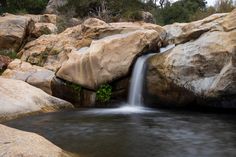 there is a small waterfall coming out of the rocks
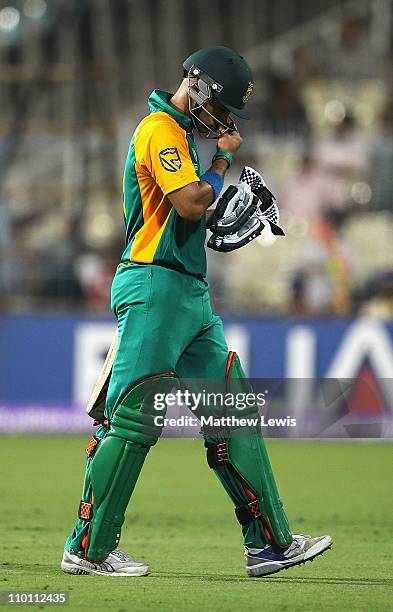 Duminy of South Africa walks off, after he was caught by Kevin O'Brien of Ireland off the bowling of John Mooney during the 2011 ICC World Cup Group...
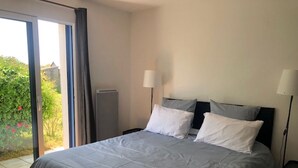 Une chambre avec un grand lit, deux lampes de chevet et une vue sur la verdure grâce à une porte coulissante.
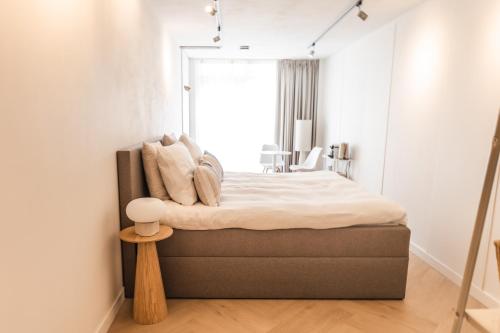 a bedroom with a large bed with a window at B&B s12 in Doetinchem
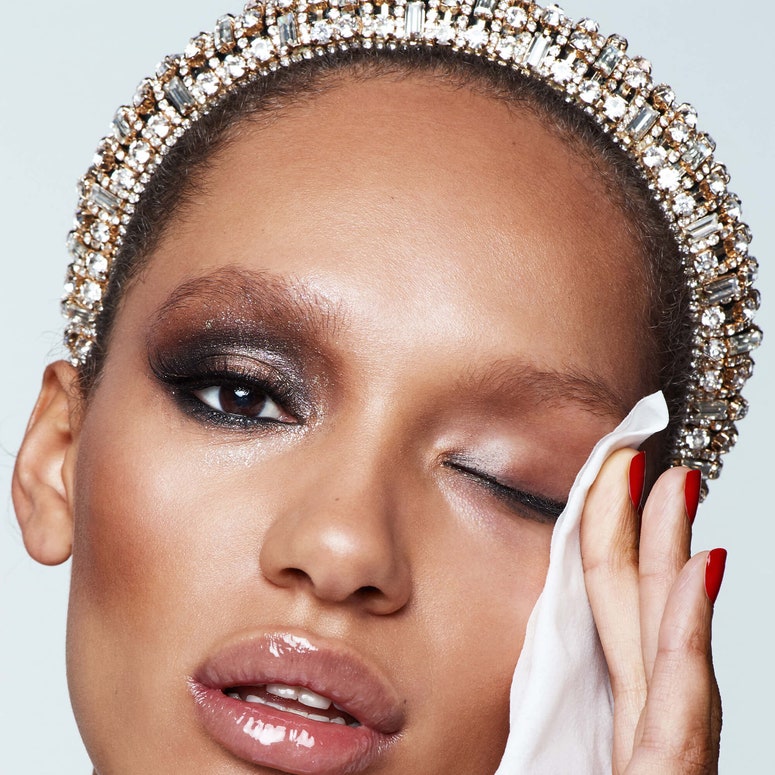 A mixed race woman with glamorous makeup and a bedazzled headband wipes makeup off her left eyelid. 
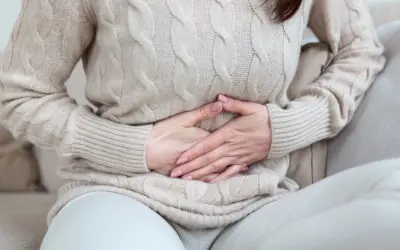 Kobieta w beżowym swetrze trzyma się za brzuch, odczuwając bolesne rozpychanie dziecka w brzuchu.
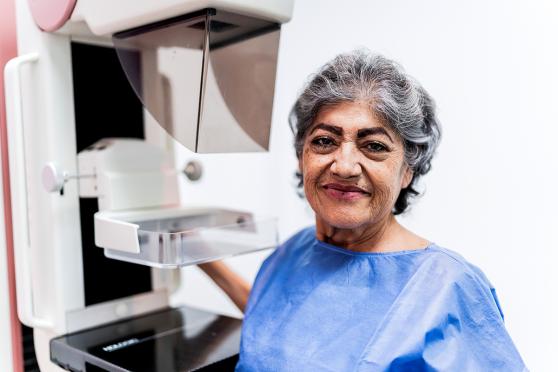 Mature woman smiling and waiting to get a mammogram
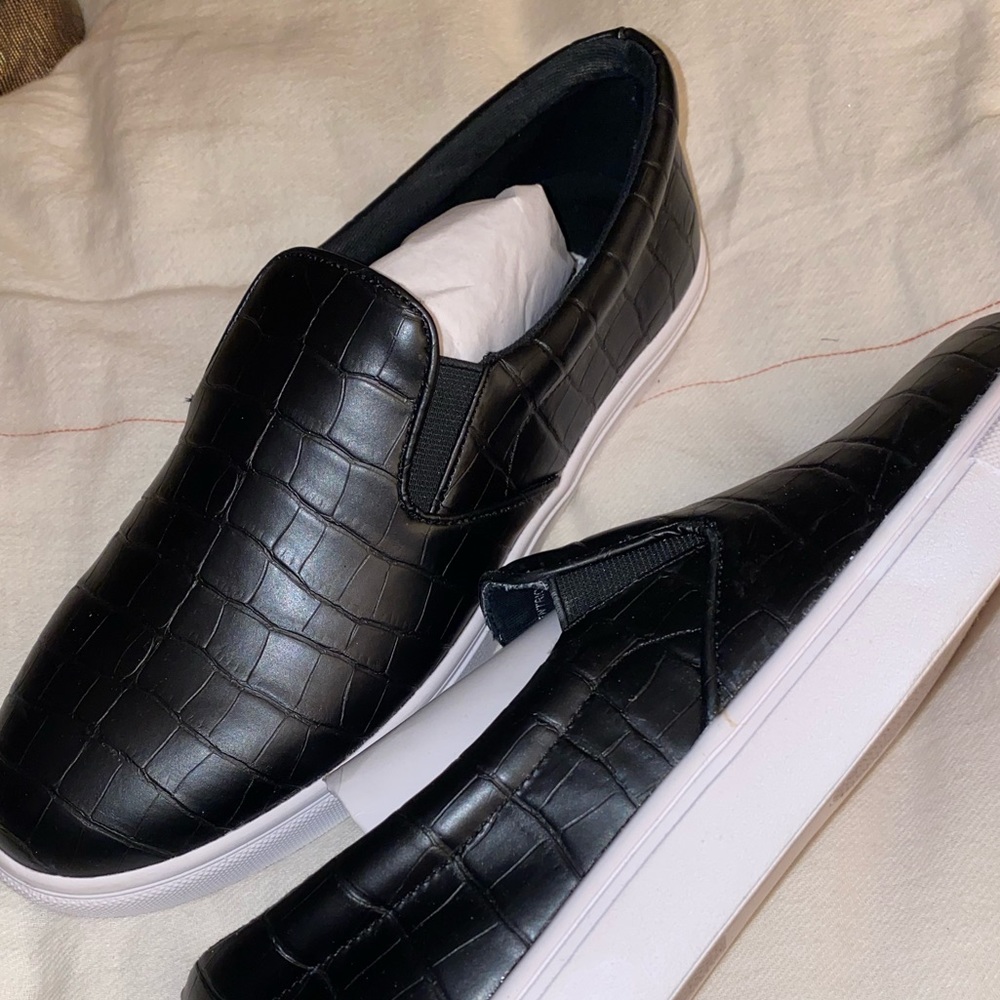 Steve Madden slip on sneakers.
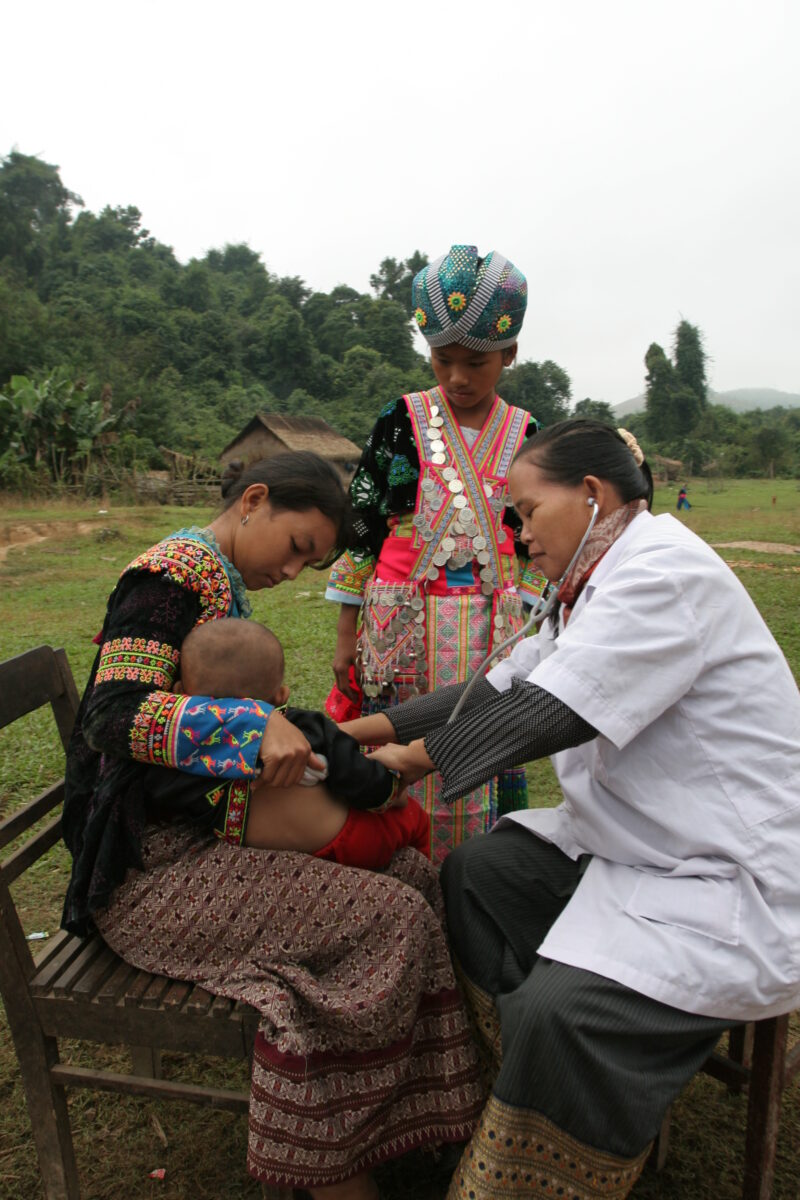 Doctor Visits Village in Laos — Doctor working for ADRA visits people in a remote, ethnic minority village in Laos — Laos, Doctor, health, checkup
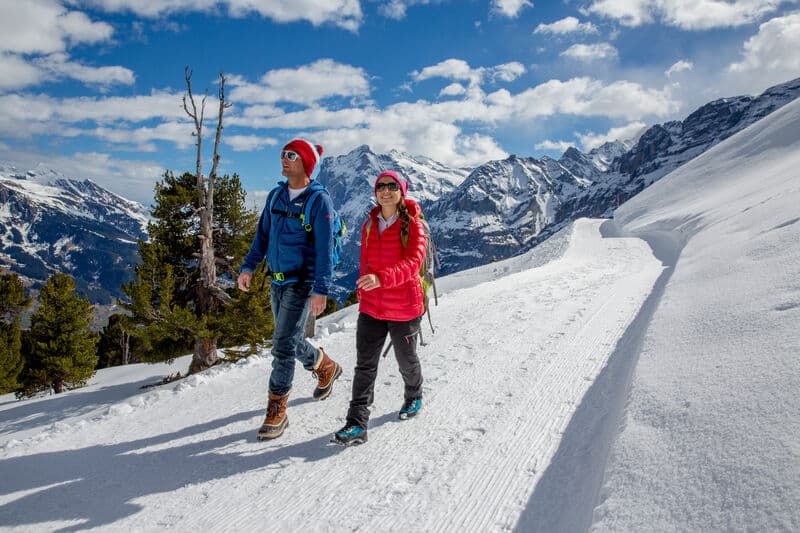 Couple hiking in Grindelwald Switzerland in winter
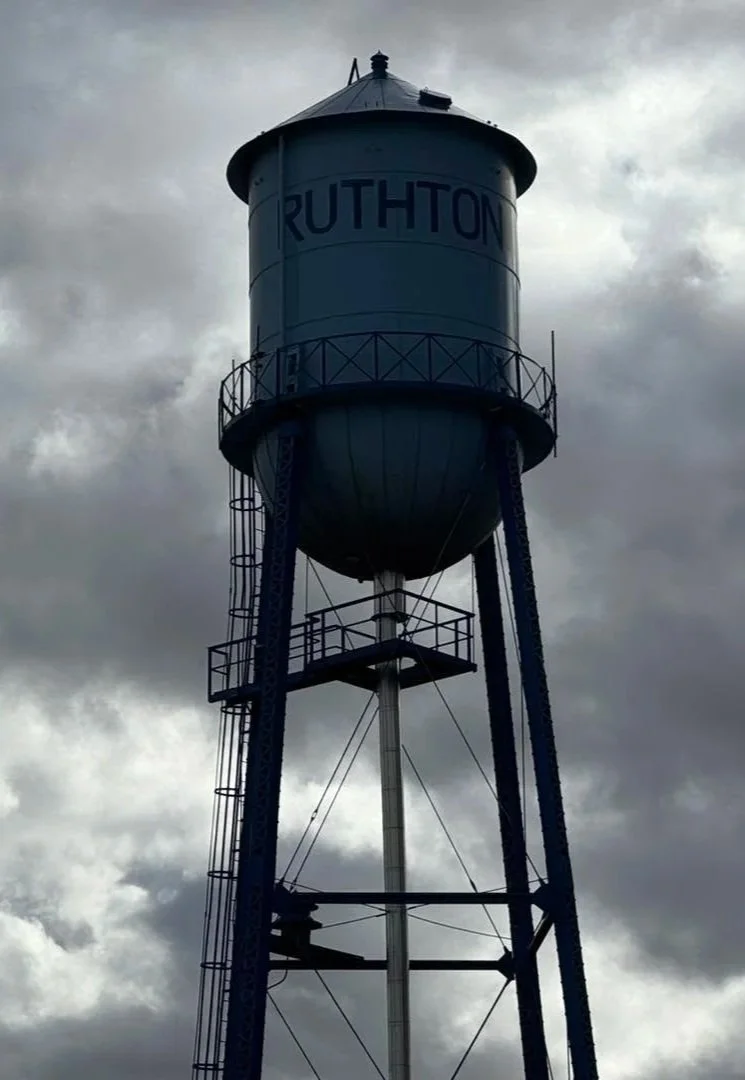 Water tower with the word 'RUTHTON' on it, standing against a cloudy sky.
------------------------------
What to do:
Every line from the one containing "Steve Madden slip on sneakers." to the final line of the records should be duplicated exactly; no picture is to be copied.

Your solution:
 Steve Madden slip on sneakers.
 Doctor Visits Village in Laos — Doctor working for ADRA visits people in a remote, ethnic minority village in Laos — Laos, Doctor, health, checkup
 Couple hiking in Grindelwald Switzerland in winter
 Water tower with the word 'RUTHTON' on it, standing against a cloudy sky.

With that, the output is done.